Born the son of a Scottish merchant in Gothenburg, Sweden in 1723, William Chambers studied in England. He returned to Sweden at the age of sixteen to join the Swedish East India Company. His subsequent travels through Bengal and China gave him an Oriental perspective on art and design. By 1749 he had saved enough money from his travels to make architecture his only profession.
Chambers studied in Paris and Italy, absorbing ideas current at the French Academy in Rome. Upon his return to England, Chambers became the architectural tutor to the Prince of Wales. This led to a long and fruitful patronage by the royal family. In 1761 Chambers was appointed as one of the Joint Architects of the King's Work and by 1769 he was so indispensable that he was appointed Comptroller of the King's Works. When the office was reorganized in 1782 he became the Surveyor General and the Comptroller.

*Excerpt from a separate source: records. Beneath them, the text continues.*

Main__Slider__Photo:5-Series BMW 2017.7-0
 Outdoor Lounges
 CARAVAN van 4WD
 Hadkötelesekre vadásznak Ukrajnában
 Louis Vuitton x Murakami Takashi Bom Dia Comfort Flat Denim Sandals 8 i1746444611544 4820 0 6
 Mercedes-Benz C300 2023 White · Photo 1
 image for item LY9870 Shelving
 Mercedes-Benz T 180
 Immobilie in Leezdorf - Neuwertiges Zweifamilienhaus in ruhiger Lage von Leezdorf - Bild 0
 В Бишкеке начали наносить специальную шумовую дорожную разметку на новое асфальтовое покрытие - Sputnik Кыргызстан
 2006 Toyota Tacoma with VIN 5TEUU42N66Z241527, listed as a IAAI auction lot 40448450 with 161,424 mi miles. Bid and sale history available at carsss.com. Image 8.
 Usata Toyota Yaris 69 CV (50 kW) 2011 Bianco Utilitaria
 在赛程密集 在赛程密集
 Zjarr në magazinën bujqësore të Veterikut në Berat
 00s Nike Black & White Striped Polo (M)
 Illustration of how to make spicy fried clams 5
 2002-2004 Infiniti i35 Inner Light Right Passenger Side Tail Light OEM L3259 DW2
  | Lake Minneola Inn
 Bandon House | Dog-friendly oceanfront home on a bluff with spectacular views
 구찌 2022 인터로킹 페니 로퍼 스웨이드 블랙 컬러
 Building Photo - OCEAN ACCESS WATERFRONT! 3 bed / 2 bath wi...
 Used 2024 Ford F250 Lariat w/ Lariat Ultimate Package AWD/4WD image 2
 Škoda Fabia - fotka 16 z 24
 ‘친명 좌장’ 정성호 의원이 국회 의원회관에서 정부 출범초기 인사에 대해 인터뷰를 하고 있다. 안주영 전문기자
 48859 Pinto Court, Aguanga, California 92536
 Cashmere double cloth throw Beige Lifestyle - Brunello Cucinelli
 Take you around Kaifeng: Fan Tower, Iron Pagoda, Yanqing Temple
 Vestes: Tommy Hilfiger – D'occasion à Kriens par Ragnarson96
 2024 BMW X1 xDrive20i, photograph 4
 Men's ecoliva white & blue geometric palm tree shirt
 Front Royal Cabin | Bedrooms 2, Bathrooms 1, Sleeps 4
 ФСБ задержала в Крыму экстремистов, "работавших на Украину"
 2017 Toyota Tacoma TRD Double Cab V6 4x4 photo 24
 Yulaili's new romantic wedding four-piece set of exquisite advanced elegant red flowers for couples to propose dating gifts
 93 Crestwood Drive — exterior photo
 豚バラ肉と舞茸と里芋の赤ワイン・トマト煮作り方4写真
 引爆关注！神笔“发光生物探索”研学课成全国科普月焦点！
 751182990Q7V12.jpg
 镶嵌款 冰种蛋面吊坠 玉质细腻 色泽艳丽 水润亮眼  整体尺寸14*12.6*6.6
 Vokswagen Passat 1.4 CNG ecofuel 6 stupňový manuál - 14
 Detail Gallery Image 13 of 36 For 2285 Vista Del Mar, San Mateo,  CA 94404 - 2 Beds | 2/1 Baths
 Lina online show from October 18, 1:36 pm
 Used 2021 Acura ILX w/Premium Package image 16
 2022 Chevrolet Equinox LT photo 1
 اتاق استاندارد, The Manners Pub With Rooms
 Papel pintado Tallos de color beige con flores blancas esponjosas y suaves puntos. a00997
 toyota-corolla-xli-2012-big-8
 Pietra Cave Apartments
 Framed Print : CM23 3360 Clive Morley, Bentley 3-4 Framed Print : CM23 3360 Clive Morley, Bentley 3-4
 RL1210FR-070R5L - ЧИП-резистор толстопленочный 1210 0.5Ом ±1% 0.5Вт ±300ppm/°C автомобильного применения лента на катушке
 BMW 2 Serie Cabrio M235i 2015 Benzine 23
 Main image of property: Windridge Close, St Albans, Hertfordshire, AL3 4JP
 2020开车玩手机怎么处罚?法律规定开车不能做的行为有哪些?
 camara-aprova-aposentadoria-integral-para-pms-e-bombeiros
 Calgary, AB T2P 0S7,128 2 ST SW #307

William Chambers was a confidant of George III and the first Treasurer of the Royal Academy of the Arts, which became public in 1768. He wrote a Treatise on Civil Architecture, and was a patron of John Soane while Soane was a student at the Academy. Chamber's architecture blended the symmetrical, well-ordered facades of Palladianism with early forms of Neoclassicism. He died in London in 1796.